Why? Well in short, if a site’s content is good, and the site is authoritative on the topic, and the content is not especially specific to any particular region of the world – there’s a great chance it’ll still be the best resource for Google to serve up to any/every region.
In short: by simply changing the country parameter only, it’s likely that you’ll end up creating a list of seed URLs where 80% of those seed URLs have already been crawled as part of a previous job.
4. Going back in time:
And when you change the year parameter, again this will only vary the seed URLs slightly. In my experience, to an even lesser extent than changing the country.
Check out my comparison below between Australia, United States in 2015 and United States from 2011. These three searches are just under 27% unique!
The year parameter is useful however, when you really want to drill back in time to SERPs that were more relevant around a given event, where it’s likely those results were vastly different. For instance, if you were searching for sites around the London Olympics in 2012, the obvious year to specify would be 2012.
4. Endlessly crawling authority sites (like Wikipedia):
There’s a notion that to find a quality expired domain with great metrics, that you must crawl massive authority sites, or sites with high metrics themselves.
This is another easy trap you can fall into when crawling.
While it’s true that the link juice from these authority sites have helped increase the metrics of the domains you’ll find – it doesn’t mean that you shouldn’t look outside these sites. Because you know who else links to that site? Countless other sites.
Let’s take crawling Wikipedia for domains as an example.
You’d be mad not to crawl it. The site has amazing metrics, and we know each article has outbound links – sometimes hundreds of links from a single article. And chances are, amongst those links are dead links, and sometimes those the dead links are as a result of expired domains. Happy days!

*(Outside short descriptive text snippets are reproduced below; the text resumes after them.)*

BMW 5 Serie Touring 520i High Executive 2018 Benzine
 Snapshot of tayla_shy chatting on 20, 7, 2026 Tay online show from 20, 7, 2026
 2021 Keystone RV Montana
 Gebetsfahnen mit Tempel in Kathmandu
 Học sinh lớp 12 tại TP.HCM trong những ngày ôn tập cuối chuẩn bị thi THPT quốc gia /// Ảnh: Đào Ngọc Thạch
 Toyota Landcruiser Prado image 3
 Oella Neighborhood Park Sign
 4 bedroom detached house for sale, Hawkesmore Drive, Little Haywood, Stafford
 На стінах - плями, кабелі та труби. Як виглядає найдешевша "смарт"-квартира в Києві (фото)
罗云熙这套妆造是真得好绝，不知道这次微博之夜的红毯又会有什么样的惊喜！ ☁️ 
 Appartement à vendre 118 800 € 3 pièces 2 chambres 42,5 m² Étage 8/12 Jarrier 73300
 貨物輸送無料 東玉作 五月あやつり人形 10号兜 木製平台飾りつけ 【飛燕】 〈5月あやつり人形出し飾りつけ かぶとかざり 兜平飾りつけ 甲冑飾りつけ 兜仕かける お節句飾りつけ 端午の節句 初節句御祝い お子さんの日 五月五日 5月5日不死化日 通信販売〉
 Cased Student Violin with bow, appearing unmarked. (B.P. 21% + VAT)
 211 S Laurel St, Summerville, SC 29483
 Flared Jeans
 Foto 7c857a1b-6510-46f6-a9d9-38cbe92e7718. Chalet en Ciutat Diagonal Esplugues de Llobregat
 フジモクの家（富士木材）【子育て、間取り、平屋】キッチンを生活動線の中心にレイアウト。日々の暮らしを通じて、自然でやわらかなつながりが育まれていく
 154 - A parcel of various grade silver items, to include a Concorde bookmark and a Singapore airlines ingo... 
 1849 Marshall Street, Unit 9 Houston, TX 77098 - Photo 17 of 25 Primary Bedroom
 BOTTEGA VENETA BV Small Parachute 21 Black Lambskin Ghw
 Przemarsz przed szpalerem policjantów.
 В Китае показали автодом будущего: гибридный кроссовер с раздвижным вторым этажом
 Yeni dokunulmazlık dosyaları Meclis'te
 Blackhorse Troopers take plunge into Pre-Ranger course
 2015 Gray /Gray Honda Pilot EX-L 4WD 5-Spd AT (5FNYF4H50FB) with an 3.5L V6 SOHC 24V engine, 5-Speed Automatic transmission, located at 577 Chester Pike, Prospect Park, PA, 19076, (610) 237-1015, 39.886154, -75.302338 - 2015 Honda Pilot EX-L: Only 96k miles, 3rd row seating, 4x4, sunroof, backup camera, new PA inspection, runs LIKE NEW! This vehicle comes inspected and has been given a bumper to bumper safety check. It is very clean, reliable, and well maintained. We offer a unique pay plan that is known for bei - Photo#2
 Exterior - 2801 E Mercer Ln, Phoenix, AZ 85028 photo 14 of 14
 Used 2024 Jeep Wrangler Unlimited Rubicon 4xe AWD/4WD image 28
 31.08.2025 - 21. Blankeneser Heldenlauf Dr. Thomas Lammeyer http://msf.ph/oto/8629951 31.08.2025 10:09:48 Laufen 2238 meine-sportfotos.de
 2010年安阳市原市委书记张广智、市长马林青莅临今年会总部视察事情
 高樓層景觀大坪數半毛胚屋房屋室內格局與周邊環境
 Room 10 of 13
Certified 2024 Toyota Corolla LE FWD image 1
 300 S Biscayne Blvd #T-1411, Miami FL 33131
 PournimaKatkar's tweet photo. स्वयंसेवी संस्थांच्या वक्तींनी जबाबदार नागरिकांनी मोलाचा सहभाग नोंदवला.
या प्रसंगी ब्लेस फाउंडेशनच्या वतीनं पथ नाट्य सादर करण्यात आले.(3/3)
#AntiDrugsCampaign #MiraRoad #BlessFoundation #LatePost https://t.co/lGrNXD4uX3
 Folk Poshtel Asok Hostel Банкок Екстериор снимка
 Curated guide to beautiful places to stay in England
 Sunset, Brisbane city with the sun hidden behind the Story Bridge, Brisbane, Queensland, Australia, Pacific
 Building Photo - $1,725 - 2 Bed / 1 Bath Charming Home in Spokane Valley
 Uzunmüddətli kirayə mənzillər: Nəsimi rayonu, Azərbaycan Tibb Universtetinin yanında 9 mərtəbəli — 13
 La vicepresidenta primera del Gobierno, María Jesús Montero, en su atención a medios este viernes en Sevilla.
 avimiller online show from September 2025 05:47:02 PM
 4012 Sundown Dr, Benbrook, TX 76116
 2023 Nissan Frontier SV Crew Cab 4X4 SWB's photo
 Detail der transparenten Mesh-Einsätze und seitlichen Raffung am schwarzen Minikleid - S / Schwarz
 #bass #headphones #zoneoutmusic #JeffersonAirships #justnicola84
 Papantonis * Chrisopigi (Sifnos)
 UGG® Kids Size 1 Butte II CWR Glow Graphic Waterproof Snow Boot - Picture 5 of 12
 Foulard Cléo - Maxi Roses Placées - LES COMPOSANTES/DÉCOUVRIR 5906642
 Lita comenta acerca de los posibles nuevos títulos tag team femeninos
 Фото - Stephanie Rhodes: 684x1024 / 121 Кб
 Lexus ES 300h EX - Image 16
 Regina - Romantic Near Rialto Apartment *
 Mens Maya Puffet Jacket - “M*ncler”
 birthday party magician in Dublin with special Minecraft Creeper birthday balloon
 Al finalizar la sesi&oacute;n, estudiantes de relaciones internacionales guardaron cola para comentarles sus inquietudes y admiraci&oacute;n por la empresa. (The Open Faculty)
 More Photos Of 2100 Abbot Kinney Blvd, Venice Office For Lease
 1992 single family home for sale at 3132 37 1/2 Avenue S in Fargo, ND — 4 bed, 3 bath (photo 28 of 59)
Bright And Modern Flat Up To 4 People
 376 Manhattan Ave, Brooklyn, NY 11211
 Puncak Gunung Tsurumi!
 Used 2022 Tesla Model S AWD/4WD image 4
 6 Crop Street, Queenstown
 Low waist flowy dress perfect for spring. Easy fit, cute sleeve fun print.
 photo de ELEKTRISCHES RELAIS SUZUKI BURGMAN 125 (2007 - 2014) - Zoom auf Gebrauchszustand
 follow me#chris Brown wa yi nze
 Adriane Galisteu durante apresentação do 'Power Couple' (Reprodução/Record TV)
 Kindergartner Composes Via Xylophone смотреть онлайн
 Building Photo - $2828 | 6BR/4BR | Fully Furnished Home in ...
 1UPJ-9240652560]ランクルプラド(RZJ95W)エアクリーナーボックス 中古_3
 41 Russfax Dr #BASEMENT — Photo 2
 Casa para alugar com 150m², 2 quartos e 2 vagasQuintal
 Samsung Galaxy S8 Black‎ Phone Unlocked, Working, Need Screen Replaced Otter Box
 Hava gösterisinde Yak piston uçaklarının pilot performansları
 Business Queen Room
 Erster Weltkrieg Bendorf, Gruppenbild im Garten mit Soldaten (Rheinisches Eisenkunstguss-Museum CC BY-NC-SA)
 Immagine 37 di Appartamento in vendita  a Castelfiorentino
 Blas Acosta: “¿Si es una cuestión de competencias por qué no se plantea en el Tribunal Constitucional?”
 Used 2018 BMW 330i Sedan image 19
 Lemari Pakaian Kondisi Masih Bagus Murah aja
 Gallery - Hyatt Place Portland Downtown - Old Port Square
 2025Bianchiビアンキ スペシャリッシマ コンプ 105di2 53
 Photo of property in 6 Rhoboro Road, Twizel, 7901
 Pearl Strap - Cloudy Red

But crawling Wikipedia (or any other site for that matter) over-and-over, isn’t very productive. Not to mention the fact that “everyone is doing it” and chances are, someone else has likely snapped up a domain yesterday that you would’ve otherwise found today.
You don’t have to crawl authority sites to find domains that have great metrics.
Long story short: don’t expect to find endless nuggets of gold on a single site, no matter how big or authoritative the site is.